A very basic heart-rate monitor is a solid investment for anyone starting out. You’ll be able to keep your heart rate in check and not inadvertently over do it. One of my favorite brands is Polar because they make a variety of basic models that get the job done.
A heart-rate zone between 55 percent and 65 percent of maximum will improve cardiovascular fitness. The bonus is when you work out at this intensity, a greater percentage of the calorie burn comes from fat.
Steady State Exercise
Research from the American Council on Exercise in partnership with the Department of Exercise Sport Science at the University of Wisconsin explored the best forms of exercise for people who are just starting out an exercise program.

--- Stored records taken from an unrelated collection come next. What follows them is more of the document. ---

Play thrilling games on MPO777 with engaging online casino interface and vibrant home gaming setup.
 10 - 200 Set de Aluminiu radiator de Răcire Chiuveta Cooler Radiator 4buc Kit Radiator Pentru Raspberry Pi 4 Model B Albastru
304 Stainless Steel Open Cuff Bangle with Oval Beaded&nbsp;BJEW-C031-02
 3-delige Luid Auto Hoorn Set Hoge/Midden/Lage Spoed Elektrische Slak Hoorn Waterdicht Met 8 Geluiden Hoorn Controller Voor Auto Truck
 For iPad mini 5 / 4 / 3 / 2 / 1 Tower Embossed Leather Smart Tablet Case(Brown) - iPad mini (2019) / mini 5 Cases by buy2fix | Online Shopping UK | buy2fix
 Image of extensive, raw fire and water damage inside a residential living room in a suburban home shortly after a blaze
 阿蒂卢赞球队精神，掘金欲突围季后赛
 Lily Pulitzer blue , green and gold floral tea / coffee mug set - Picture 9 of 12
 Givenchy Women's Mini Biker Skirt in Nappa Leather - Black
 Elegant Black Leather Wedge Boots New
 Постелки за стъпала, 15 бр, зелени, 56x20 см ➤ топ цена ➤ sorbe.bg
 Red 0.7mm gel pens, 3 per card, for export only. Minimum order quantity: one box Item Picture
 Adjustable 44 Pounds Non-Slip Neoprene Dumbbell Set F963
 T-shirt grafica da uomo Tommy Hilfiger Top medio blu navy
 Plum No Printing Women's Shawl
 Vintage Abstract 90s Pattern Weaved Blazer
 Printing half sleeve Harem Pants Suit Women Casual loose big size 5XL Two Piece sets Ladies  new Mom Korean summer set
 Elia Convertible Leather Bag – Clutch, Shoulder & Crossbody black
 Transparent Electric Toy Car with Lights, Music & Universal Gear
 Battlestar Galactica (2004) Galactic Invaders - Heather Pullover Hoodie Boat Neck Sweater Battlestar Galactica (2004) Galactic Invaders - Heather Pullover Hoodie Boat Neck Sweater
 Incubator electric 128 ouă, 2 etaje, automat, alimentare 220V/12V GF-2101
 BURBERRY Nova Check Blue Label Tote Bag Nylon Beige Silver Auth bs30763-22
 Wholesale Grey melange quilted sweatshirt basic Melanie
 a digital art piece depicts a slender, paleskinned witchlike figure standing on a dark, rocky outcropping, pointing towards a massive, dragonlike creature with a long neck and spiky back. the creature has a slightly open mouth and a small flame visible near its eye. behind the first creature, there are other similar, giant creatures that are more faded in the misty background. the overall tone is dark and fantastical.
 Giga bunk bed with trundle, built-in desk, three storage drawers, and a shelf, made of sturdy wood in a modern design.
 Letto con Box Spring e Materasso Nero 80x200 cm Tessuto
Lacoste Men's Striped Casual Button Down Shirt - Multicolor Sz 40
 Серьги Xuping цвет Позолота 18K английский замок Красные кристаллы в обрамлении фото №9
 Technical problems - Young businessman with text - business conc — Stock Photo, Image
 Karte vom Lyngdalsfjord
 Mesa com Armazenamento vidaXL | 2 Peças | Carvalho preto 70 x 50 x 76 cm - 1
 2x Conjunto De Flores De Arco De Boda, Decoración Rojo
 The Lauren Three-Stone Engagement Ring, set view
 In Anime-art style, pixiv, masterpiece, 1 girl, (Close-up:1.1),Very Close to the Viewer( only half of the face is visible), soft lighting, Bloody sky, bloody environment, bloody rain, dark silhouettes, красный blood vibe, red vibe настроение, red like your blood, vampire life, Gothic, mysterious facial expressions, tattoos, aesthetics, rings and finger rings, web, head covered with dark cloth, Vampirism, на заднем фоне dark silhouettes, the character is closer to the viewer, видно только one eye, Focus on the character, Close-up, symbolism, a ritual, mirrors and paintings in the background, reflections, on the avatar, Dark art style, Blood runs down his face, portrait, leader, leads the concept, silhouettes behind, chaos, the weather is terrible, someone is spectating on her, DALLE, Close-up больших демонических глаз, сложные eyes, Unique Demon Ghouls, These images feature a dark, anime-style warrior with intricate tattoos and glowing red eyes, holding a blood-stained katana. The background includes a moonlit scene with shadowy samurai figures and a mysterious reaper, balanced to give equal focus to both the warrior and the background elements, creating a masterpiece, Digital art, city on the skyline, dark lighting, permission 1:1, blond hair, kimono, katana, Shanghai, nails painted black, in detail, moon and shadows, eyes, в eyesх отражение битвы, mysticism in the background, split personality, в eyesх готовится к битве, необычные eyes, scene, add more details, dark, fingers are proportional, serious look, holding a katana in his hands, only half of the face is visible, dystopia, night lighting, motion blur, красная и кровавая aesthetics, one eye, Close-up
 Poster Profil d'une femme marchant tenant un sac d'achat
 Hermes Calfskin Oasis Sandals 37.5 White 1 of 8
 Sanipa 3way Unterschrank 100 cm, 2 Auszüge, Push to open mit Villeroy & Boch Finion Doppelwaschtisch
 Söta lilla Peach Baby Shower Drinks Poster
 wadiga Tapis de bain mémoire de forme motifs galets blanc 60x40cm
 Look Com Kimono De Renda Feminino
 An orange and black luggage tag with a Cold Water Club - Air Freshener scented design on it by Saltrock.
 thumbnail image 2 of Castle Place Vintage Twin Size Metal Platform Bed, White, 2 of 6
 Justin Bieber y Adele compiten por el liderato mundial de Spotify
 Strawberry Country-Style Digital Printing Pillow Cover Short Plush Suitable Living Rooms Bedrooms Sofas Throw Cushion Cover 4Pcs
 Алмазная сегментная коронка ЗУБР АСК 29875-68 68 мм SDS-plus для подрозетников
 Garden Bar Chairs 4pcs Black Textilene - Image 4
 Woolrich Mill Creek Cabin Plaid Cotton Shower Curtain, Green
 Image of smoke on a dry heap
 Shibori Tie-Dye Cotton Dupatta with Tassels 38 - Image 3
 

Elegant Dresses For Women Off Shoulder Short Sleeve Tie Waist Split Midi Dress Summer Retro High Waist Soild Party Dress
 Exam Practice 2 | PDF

What they found was 20 minutes of steady-state exercise, which they describe as moderate-to-vigorous intensity, accomplished nearly the same cardiovascular fitness benefits as very brief, high-intensity intervals. Steady state training is an endurance pace, or a perceived exertion rate of about six out of 10, which equates to 65-70% of your maximum heart rate. It’s a pace where you can still have a conversation, while improving your fitness.
High Intensity Efforts
Starting off in a High Intensity Interval Training (HIIT) class may not be a beginner’s best choice. That’s because high-intensity classes offer variety later in your training program when cardiovascular fitness improves. Even then, take it in small doses.
HIIT training is wildly popular and marketed as a way to get an intense workout in less time. It generally involves intense work periods of a few seconds to a few minutes followed by a recovery period of the same interval. HIIT classes can go for 20 to 60 minutes, depending on the program.
ACSM experts say HIIT training can improve aerobic and anaerobic fitness, blood pressure, cardiovascular health, insulin sensitivity, cholesterol profiles and loss of visceral fat.
First, Build a Solid Base
HIIT classes are a great add after a foundation of fitness is down. ACSM considers a solid base fitness level as consistent aerobic training three to five times a week for 20 to 60 minutes at a moderately hard intensity. “Establishing appropriate exercise form and muscle strength are important before engaging in HIIT to reduce the risk of musculoskeletal injury,” the organization states.
As Coach Lockwood says, base training requires a variation of well-timed low-intensity and high-intensity training. “Variation is the key, or you will compromise your body. We want to create a stimulus as opposed to a stress. And the older we get, the more careful we have to be to understand that. It all corresponds to how the body reacts to the training and making the right adjustments.”